From the entries below, please output exactly the lines starting at the one containing "Common snapper basking" and ending at the one containing "No.4　モリンガちゃん", both included.

_DATA SUPPLIED_
┌────────

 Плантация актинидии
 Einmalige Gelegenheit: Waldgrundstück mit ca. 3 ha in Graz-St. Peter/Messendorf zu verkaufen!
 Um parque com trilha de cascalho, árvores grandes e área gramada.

└────────
┌────────

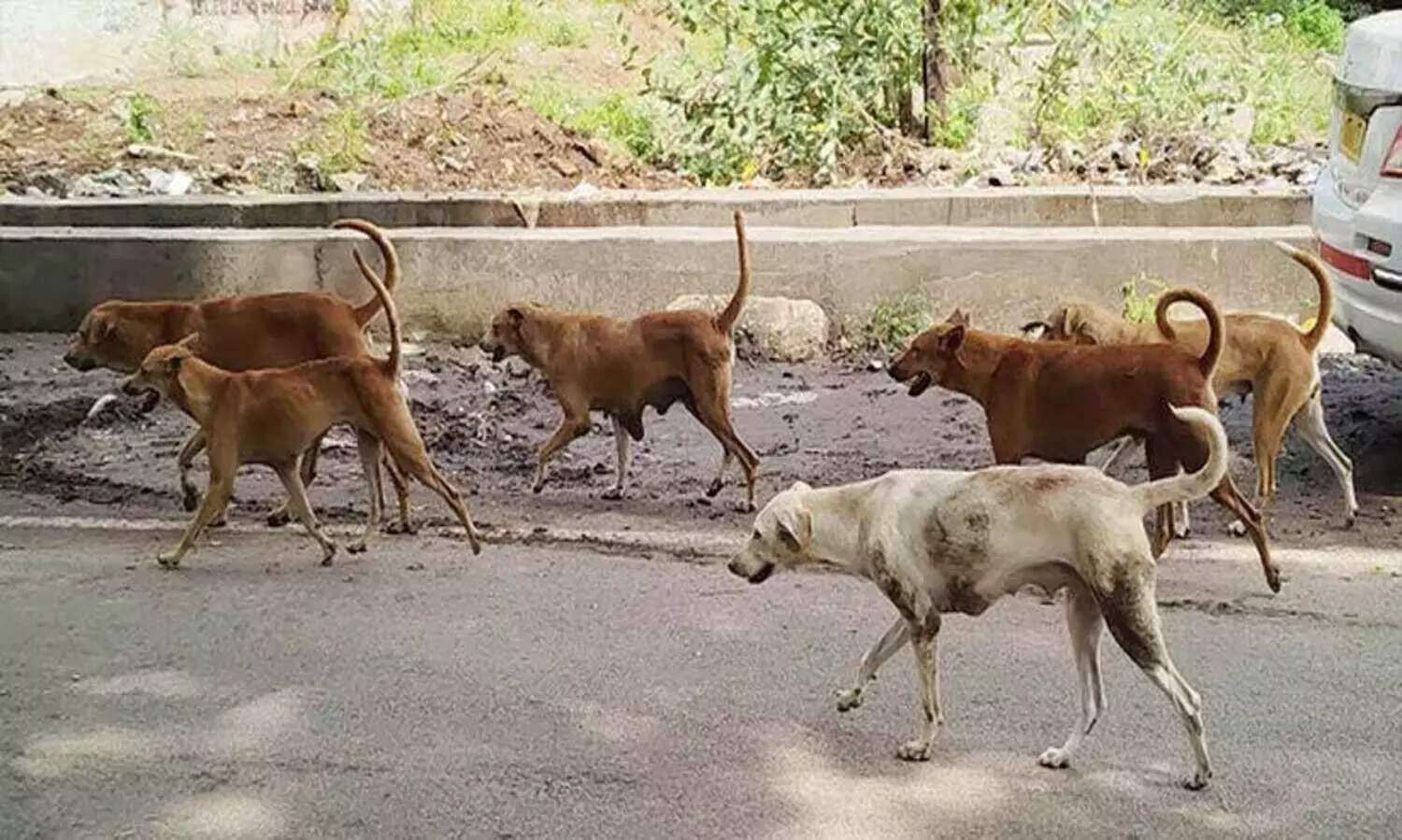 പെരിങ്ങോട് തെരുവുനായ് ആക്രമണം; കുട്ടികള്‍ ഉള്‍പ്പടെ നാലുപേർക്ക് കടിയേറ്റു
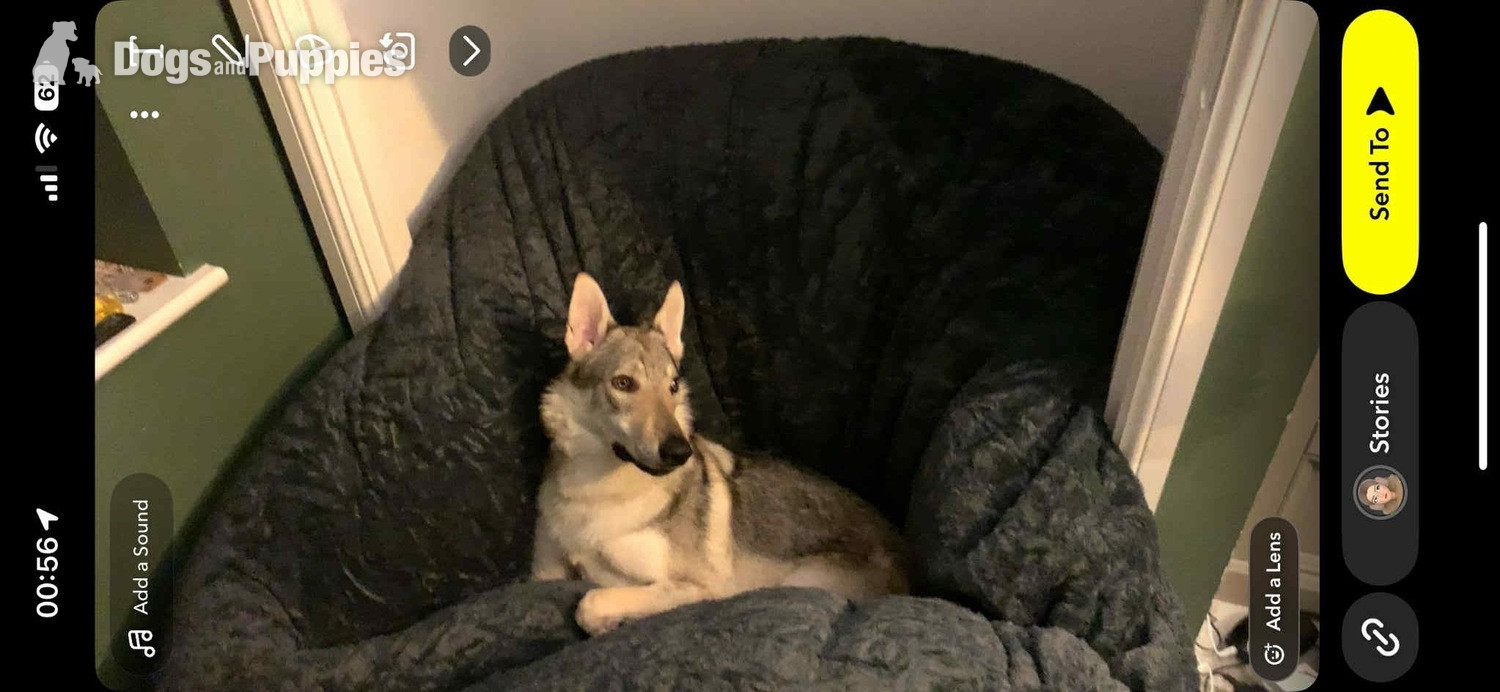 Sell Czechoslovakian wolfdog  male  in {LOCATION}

└────────
┌────────

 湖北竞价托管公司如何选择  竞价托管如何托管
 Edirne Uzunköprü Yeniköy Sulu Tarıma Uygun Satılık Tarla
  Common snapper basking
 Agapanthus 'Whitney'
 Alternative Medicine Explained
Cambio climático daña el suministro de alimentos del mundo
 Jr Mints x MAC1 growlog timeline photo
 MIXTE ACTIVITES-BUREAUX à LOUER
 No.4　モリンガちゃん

└────────

_ANSWER TO THIS TASK_
  Common snapper basking
 Agapanthus 'Whitney'
 Alternative Medicine Explained
Cambio climático daña el suministro de alimentos del mundo
 Jr Mints x MAC1 growlog timeline photo
 MIXTE ACTIVITES-BUREAUX à LOUER
 No.4　モリンガちゃん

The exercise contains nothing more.